Эд не стал больше кричать. Он обхватил неподвижное тело Квентина обеими руками и закрыл его собой. Доспехи, надетые на мальчике, были вымазаны в крови, только Эд никак не мог понять, его ли это кровь или кровь самого Эда, всё ещё хлеставшая из оцарапанной шеи.
Он ждал залпа, почти хотел его. Но у Бертрана, видимо, тоже были острые глаза.
Тяжело дыша, Эд обернулся. Ряды людей, которых он всего час назад держал в своих руках, смешались. Бонды спешно готовили наступление. «Боги, нет… моя богиня, нет, разве этого ты хотела?! Ты хотела, чтобы я спас их всех, а не губил…»
«Ты спас в этот раз, а в другой – погубишь», – всплыли в памяти забытые слова Тома, сказанные в зареве ночной битвы. Том стоял тогда меж ним и Анастасом – так думал Адриан Эвентри, не зная, что на самом деле Том встал между ним и теми смертями, причиной которых он мог стать…
Которые уже случились.
Десять тысяч людей, уставших колебаться и ждать, шли штурмом на Сотелсхейм.
Эд отвернулся от них и снял с Квентина шлем, осторожно стянул подшлемник. Голова мальчика, больше не поддерживаемая железом, запрокинулась назад – он потерял сознание. «Странно, что сам я ещё на ногах, – отстранённо подумал Эд и улыбнулся. – Это тот шанс, который ты мне даёшь, Алекзайн? Или…
Или – не мне?
Квентин, Квентин… Слышишь этот рёв за моей спиной? Видишь эти тысячи копий, направленные теперь на твоего отца? Я привёл их сюда, но не затем, чтобы это случилось. И этого бы не случилось, если бы ты не сделал то, что сделал…
Ты – Тот, Кто в Ответе за это. А я думал, что ты родился в Эвентри… какой же я был дурак…»
– Вот я тебя и нашёл, – прошептал Эд, проводя окровавленной ладонью по взъерошенным тёмным волосам мальчика, которого собирался и не мог, должен был и не хотел убивать. Мальчика, который начал эту войну – вместе с ним.

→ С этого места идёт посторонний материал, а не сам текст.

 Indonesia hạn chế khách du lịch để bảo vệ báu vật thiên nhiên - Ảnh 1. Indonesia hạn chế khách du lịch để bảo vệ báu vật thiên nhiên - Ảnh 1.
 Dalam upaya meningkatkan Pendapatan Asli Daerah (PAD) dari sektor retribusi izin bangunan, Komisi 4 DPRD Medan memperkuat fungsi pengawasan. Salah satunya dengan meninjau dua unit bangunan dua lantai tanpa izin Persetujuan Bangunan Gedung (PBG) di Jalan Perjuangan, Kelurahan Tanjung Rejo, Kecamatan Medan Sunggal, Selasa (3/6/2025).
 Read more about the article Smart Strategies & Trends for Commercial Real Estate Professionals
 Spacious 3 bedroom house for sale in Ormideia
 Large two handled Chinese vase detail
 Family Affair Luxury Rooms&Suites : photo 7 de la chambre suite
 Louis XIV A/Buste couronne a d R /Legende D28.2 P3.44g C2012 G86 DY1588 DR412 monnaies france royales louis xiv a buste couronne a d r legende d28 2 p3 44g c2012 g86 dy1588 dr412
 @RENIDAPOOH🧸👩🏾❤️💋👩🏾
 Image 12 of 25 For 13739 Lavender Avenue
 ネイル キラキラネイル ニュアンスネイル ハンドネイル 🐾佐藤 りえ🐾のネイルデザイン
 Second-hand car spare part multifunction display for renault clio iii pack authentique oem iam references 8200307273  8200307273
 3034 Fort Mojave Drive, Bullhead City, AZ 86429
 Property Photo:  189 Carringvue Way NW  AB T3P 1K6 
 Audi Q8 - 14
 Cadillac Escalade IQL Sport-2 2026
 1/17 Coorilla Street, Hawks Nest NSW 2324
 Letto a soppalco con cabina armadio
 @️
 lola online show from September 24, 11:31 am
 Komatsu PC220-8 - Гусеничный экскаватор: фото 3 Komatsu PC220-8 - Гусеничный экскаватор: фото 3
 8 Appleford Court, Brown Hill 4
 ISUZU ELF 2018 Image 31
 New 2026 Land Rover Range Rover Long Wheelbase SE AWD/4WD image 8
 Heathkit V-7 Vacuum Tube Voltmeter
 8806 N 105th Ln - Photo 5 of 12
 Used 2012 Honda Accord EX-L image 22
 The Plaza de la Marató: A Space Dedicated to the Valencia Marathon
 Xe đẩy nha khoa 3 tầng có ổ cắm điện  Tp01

– Держись, – сказал Эд и, подхватив Квентина под мышки и колени, рывком встал. Голова у него шла кругом, он пошатнулся, но не упал. К ним уже скакали во весь опор – Эд не видел, кто, не различал цветов, людей, камни, траву, солнце – всё слилось и перемешалось. Но рук он не разжал. Квентин был очень лёгким. «Он же ребёнок, – подумал Эд, – ему всего пятнадцать лет. Почти столько же, сколько было мне, когда я узнал, кто я такой».
– Он должен жить, – с трудом выговорил Эд, когда его обступили храпящие лошади, закрывшие от него солнце. – Должен! Вам понятно? Никто не должен умереть!
«Никто, кроме меня», – подумал он, уходя.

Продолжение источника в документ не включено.